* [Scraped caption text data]
/---

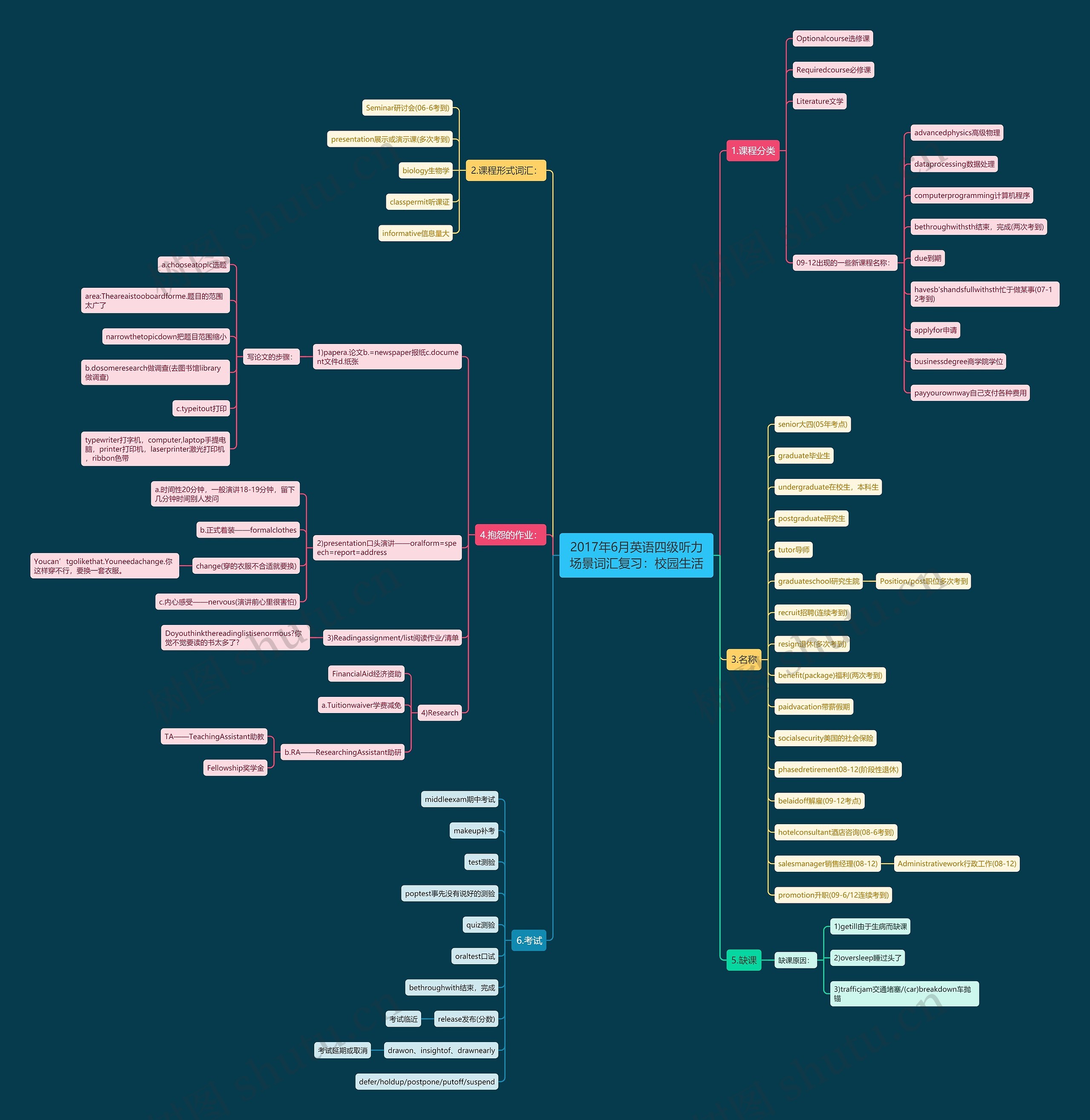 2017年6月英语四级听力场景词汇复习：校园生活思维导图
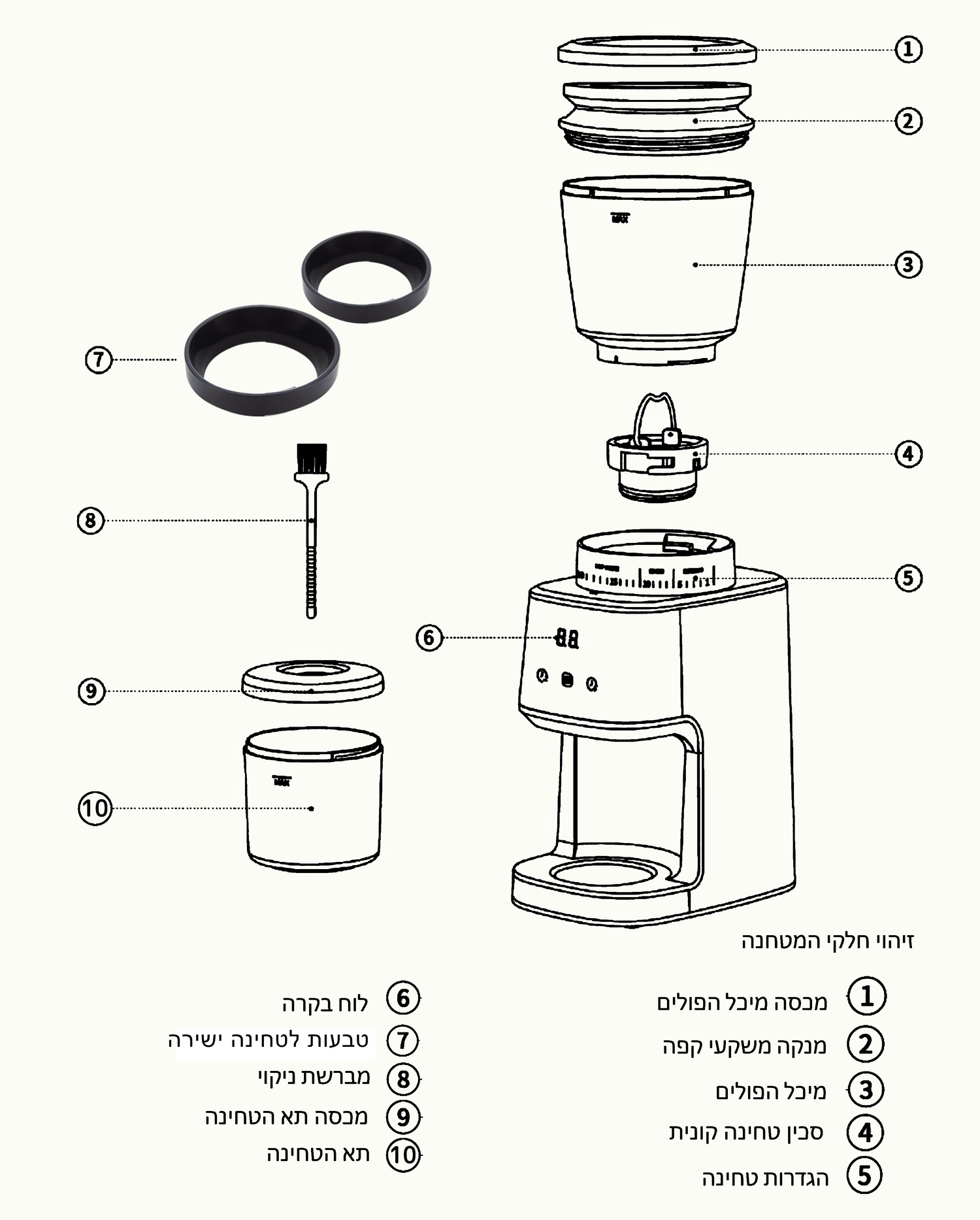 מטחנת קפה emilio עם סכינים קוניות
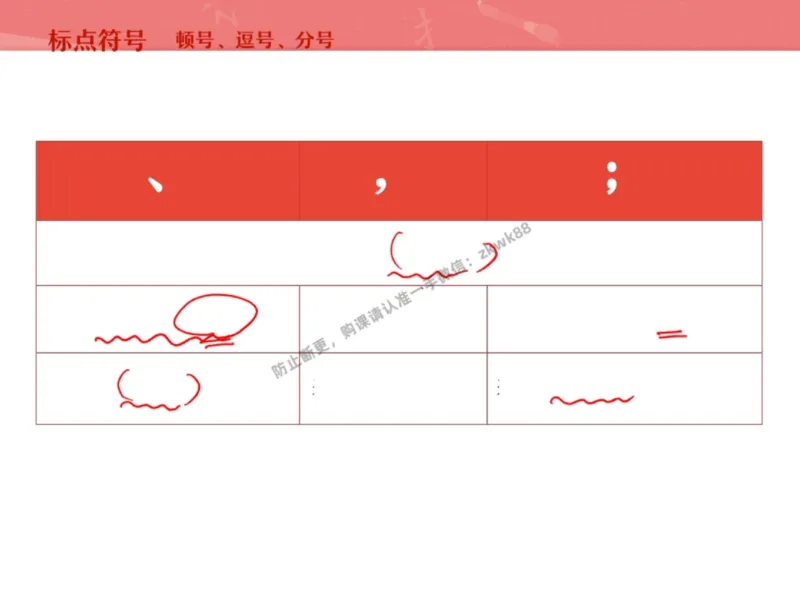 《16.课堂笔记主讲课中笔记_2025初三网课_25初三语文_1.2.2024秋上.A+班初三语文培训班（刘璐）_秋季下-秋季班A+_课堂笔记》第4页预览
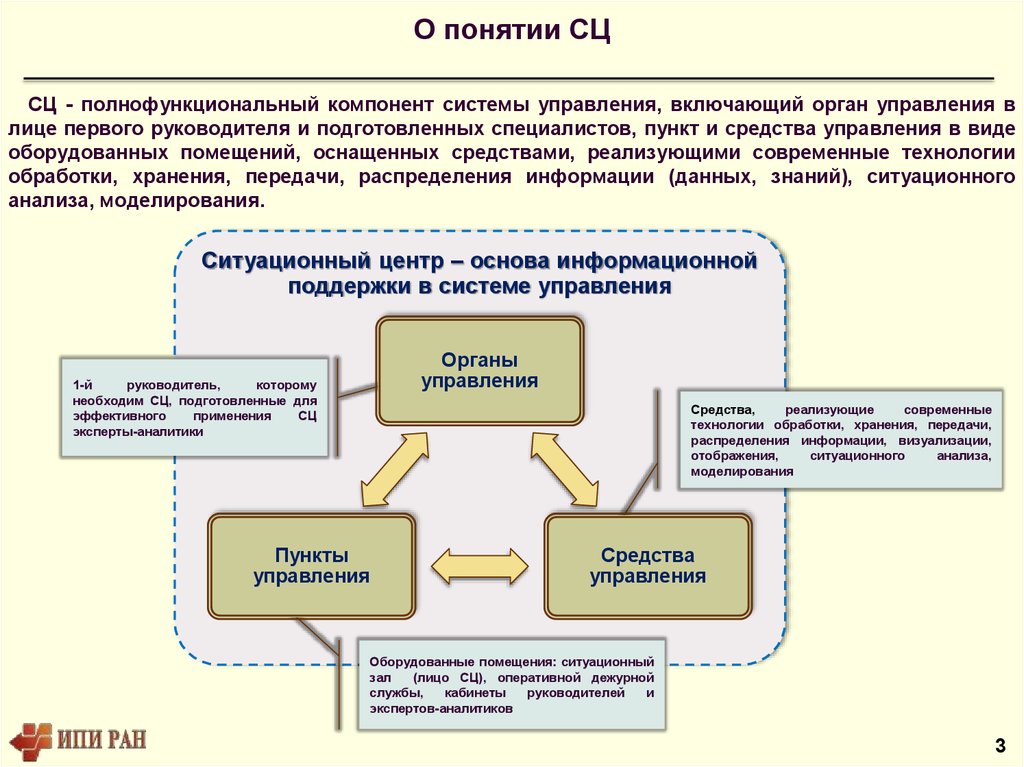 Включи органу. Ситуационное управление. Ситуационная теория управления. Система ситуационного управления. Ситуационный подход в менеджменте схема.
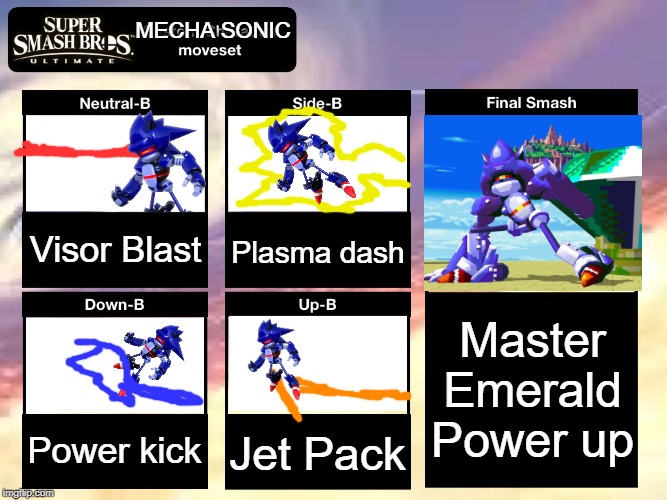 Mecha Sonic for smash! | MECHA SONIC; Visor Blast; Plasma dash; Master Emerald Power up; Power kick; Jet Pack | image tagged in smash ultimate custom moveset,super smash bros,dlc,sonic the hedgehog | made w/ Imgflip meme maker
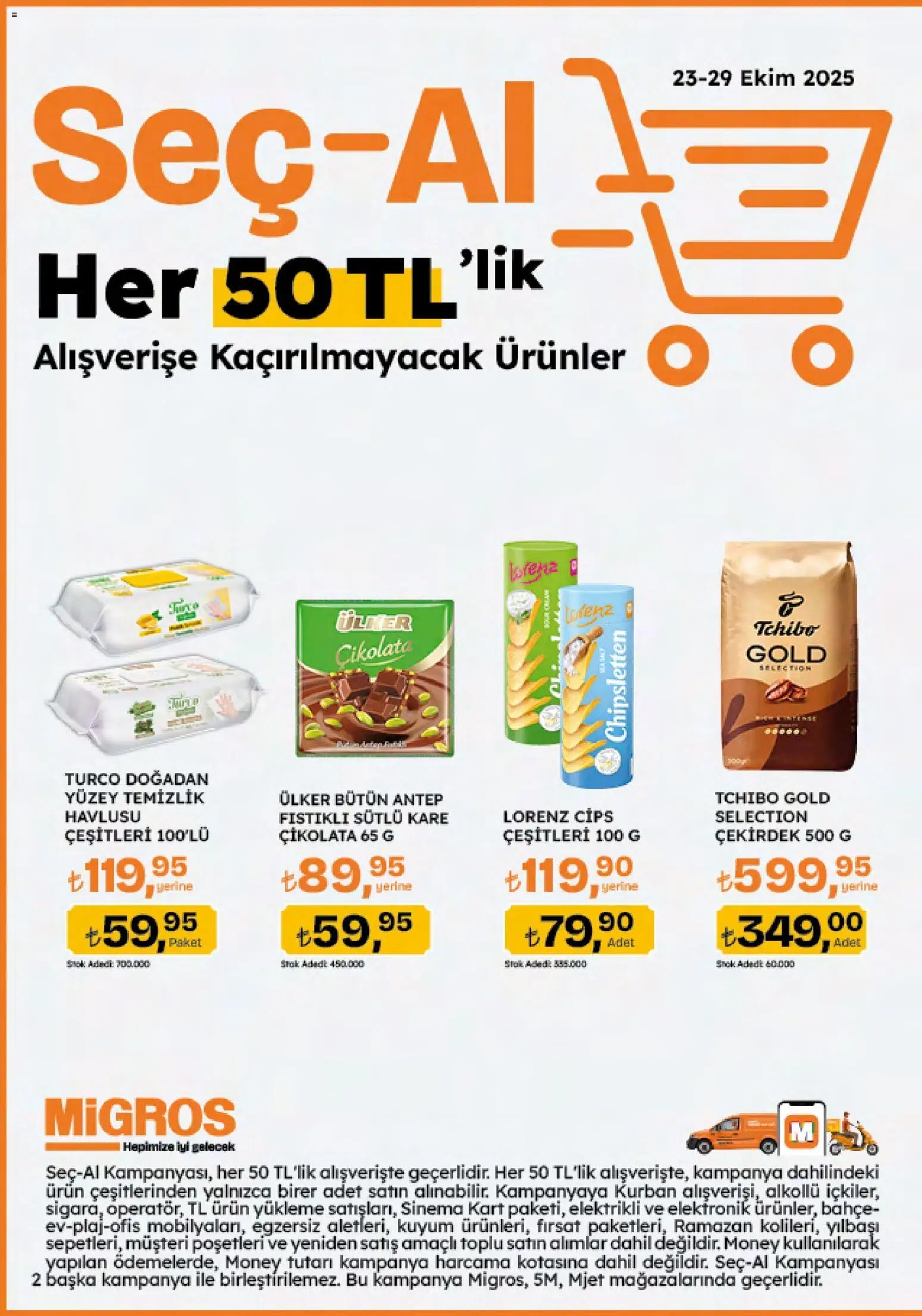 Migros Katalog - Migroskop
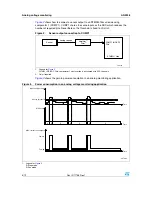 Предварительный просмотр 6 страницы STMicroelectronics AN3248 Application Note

\---

* [WHAT YOU WILL DO] The answer must be the lines of the entries above, written out exactly from the first through the one with "Включи органу. Ситуационное", and no pictures.

* [ANSWER SECTION]
 2017年6月英语四级听力场景词汇复习：校园生活思维导图
 מטחנת קפה emilio עם סכינים קוניות
 《16.课堂笔记主讲课中笔记_2025初三网课_25初三语文_1.2.2024秋上.A+班初三语文培训班（刘璐）_秋季下-秋季班A+_课堂笔记》第4页预览
 Включи органу. Ситуационное управление. Ситуационная теория управления. Система ситуационного управления. Ситуационный подход в менеджменте схема.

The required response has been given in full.